Without pausing here to consider the morning's news, let us return to the Chancery Legal Incorporated Credit Society Bank.

"Move along here, please. Move on. Move on."

Again the street is packed with emotional humanity. But what a different scene is this, although in its essentials so similar. For every face is flushed with excitement--joyful excitement. As once before, they press eagerly on toward the bank entrance; but this morning the doors are _open_. Almost every member of that crushed and crushing a.s.sembly holds a copy of the morning paper. Every man and every woman in the crowd knows that the missing financiers have declined, firmly, to afford any information whatever respecting their strange adventure--that they have refused, all four of them, point blank either to substantiate or to deny the sensational story of Messrs. Macready and Murray. "The incident is closed," Baron Hague is reported as declaring. But what care the depositors of the Chancery Legal Incorporated? For is it not announced, also, that this quartet of public benefactors, with a fifth philanthropist (who modestly remains anonymous) have put up between them no less a sum than three and a half million pounds to salve the wrecked bank?
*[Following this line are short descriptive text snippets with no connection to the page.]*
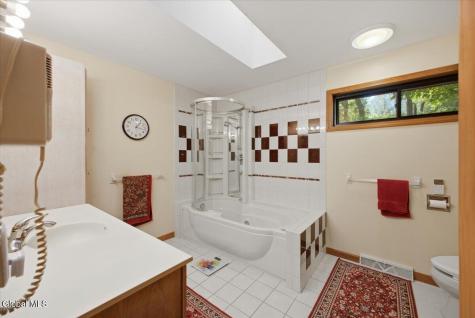 14 Cathedral Court Clifton Park NY 12065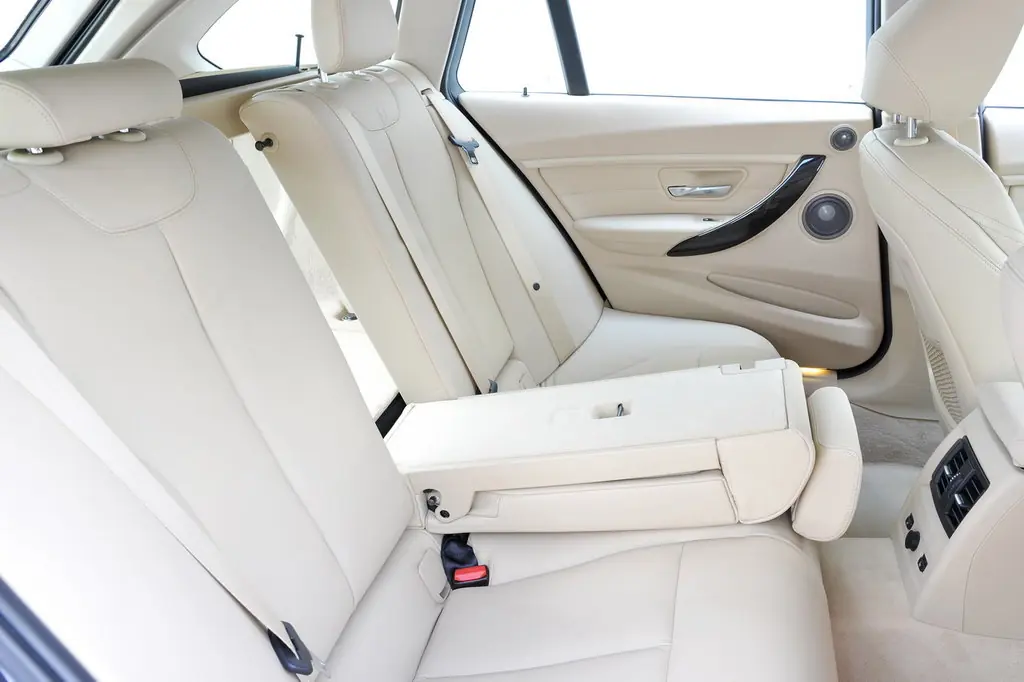 BMW 3-series, 6 поколение, F30, Универсал, Европа, 05.2012 - 08.2015: фото поколения 17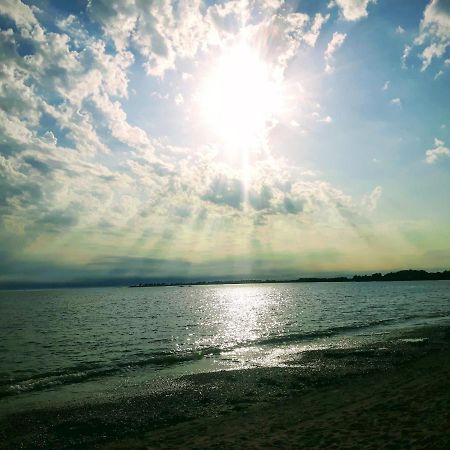 Ty Betahon - 200M De La Plage Ambon Екстер'єр фото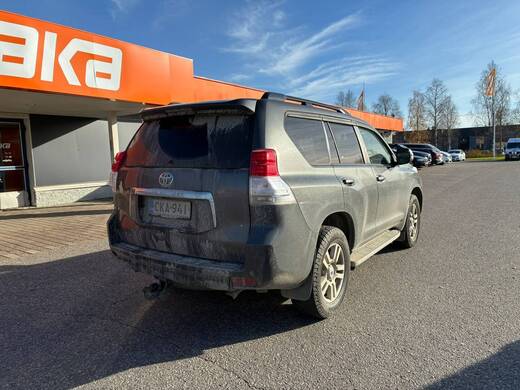 Toyota Land Cruiser vaihtoauto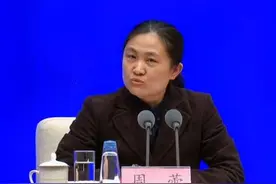 新冠病毒起源最有可能是什么？中疾控专家回应。#新冠 #新冠病毒视频封面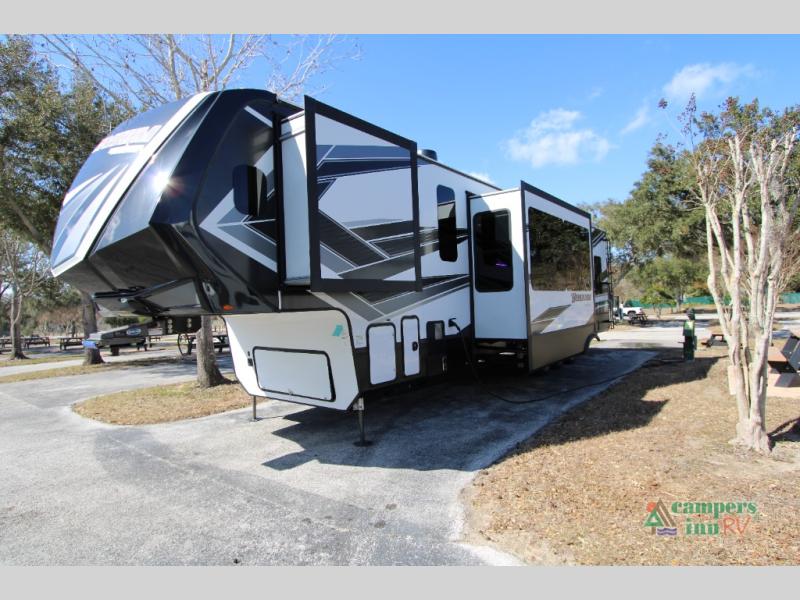 RV listing image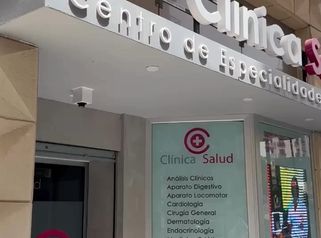 Miss Grand Spain 2024 susimem visita en linares jaen al Dr Eduardo Higbii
"By your leave. Make way here. Stand back, _if_ you please."

Someone starts a cheer, and it is feverishly taken up by the highly wrought throng, as an escorted van pulls slowly through the crowd. It is bullion from the Bank of England. Good red gold and crisp notes. It is dead hopes raised from the dust; happiness reborn, like a ph[oe]nix from the ashes of misery.

"Hip, hip, hip, hooray!"

Again and again, and yet again that joyous cheer awakes the echoes of the ancient Inns.

It was as a final cheer died away that Haredale, on the rim of the throng, felt himself tapped upon the shoulder.

He turned a flushed face and saw a tall man, irreproachably attired, standing smiling at his elbow. The large eyes, with their compelling light of command, held nothing now but a command to friendship.

"Severac Bablon!"

"Well, Haredale!" The musical voice made itself audible above all the din. "These good people would rejoice to know the name of that anonymous friend who, with four other disinterested philanthropists, has sought to bring a little gladness into a grey world. Here am I. And there, on the bank steps, are police. Make your decision. Either give me in charge or give me your hand."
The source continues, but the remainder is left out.